• _Materials provided_:
------------------------
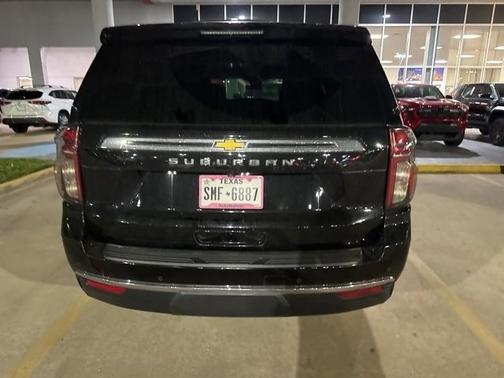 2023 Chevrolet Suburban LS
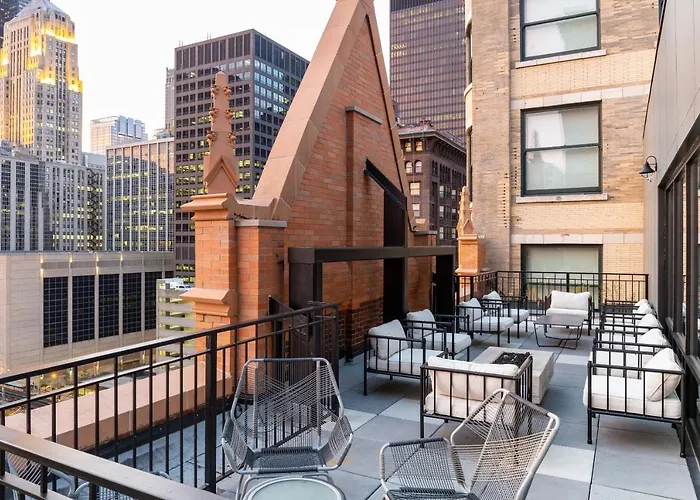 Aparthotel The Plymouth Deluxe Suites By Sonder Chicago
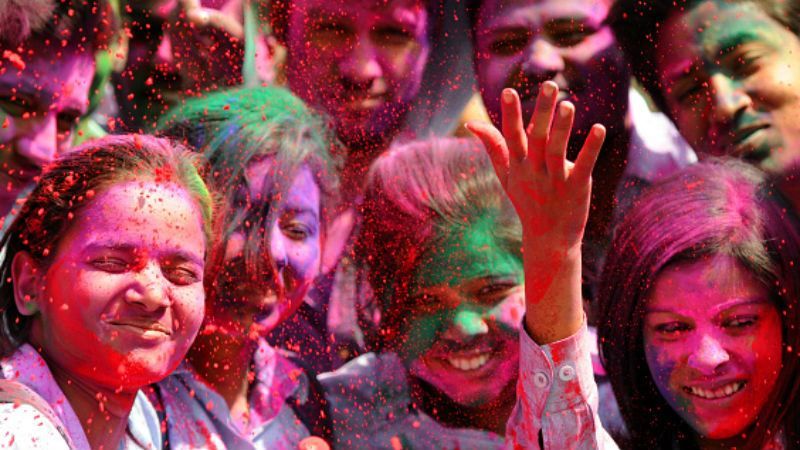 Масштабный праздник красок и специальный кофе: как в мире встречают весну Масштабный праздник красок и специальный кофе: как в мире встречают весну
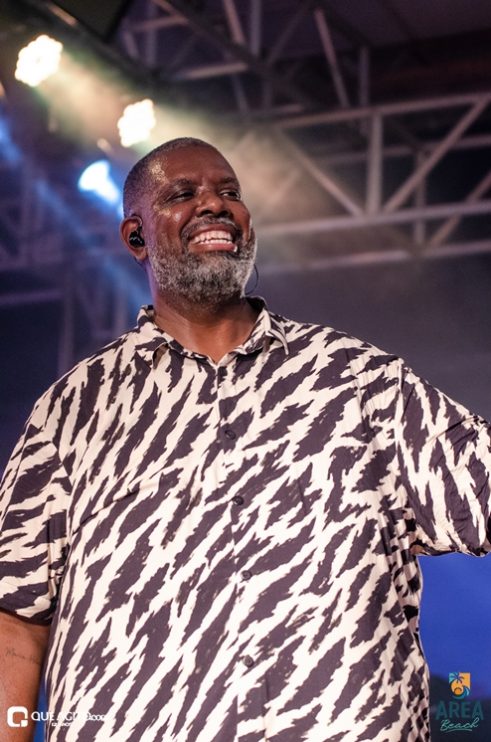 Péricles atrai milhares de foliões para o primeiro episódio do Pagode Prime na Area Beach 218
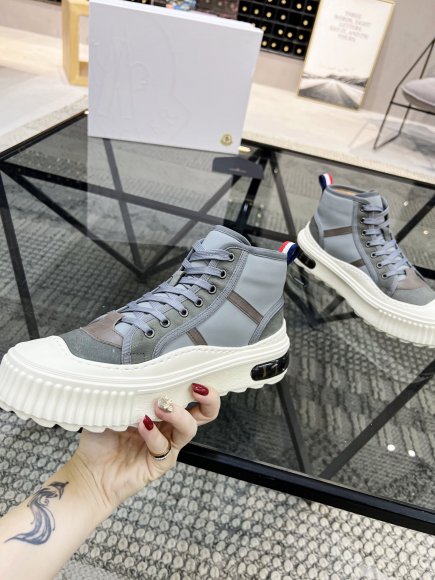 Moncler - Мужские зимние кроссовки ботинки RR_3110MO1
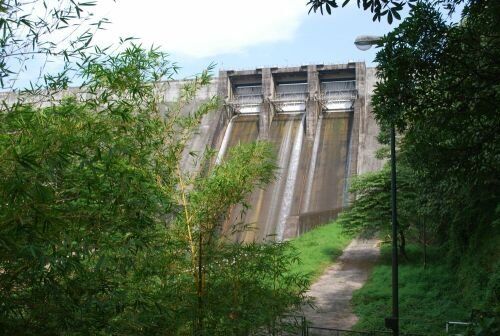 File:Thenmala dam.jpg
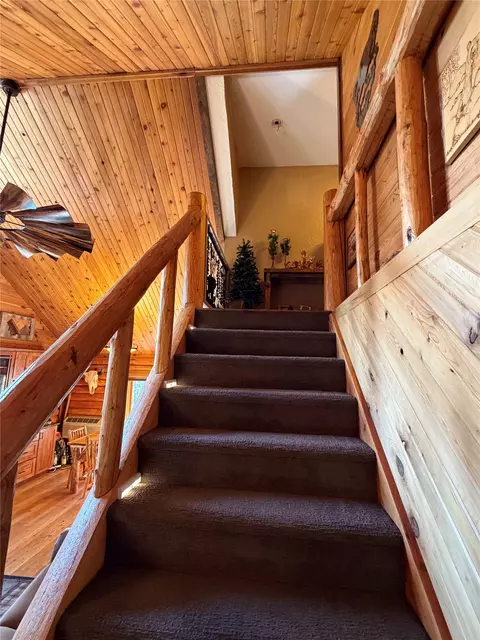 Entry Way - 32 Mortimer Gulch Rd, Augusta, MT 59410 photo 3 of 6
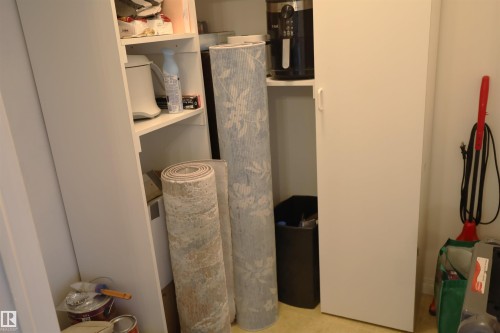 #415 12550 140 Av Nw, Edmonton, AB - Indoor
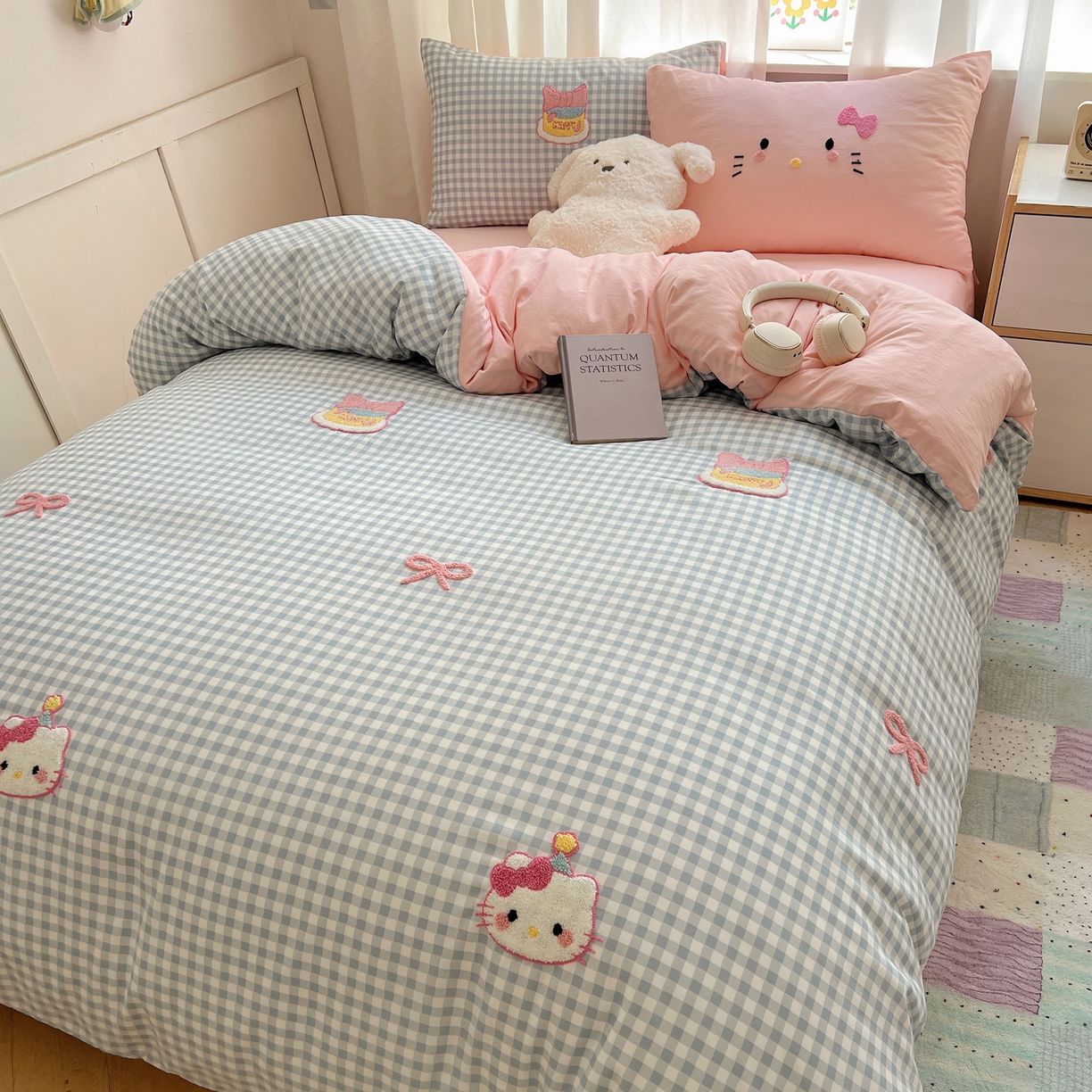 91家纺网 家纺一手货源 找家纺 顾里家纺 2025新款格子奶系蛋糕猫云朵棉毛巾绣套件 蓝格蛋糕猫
------------------------
Would you restate, word for word, the lines from the one holding "#415 12550 140 Av Nw, Edmonton, AB - Indoor" through the end of the material above? Omit the pictures.

 #415 12550 140 Av Nw, Edmonton, AB - Indoor
 91家纺网 家纺一手货源 找家纺 顾里家纺 2025新款格子奶系蛋糕猫云朵棉毛巾绣套件 蓝格蛋糕猫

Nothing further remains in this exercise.